A fitness plan to beat diabetes

The combination worked best for weight loss too, compared to aerobics or weight training alone.

Blood sugar is fuel to muscles, and more sugar is burned during aerobic activity. Weight training builds more muscle, and both activities change muscle proteins in ways that enhance the process.

“It’s clear that doing both aerobic and strength training is superior to either alone,” said lead author Dr Tim Church of Pennington Biomedical Research Centre. “It’s almost like taking two different drugs.”

Patients in the study, published in Wednesday’s Journal of the American Medical Association, achieved the results over nine months, exercising three days a week for about 45 minutes each session.

“People can manage this amount of exercise,” said Laurie Goodyear of Joslin Diabetes Centre in Boston, who wasn’t involved in the new study but does similar research. “They didn’t have to go on a diet. This was purely an exercise effect.”

Three programmes

The researchers’ goal was to test three exercise programmes that doctors could realistically recommend and patients could stick with. They compared aerobics alone, weight training alone and a combination. US guidelines recommend aerobics and weight training combined for all adults.

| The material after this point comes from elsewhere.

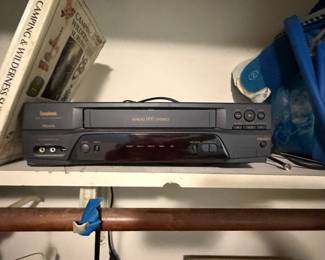 Toshiba VCR and camping reference books on shelf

All three groups worked out for about the same amount of time. A fourth group of patients was offered only weekly stretching and relaxation classes for further comparison. The study was completed by 245 people with diabetes.

Led by trainers, patients walked on a treadmill that raised the uphill grade by 2 per cent every two minutes for the aerobics.

Weight training, also supervised, was done on machines that worked muscles in the upper body and legs, with more weight added as participants increased their strength.
“It gave me a lot more energy. That was one of the first things I noticed,” said Deidra Atkins-Ball, 44, a biology professor, diagnosed with diabetes a year before she joined the aerobics-weights group.

The researchers found that only the group that combined aerobics and weights both lowered their blood sugar and lost weight, although all three groups reduced their waist sizes.

Forty-one per cent of the patients in the combo group either decreased their diabetes medications or lowered their average blood sugar as measured by a common blood test, compared to 26 per cent for weights only, 29 per cent for aerobics only and 22 per cent in the non-exercise group.

Atkins-Ball’s results were good. She dropped 4 pounds and saw her blood sugar reach near normal levels.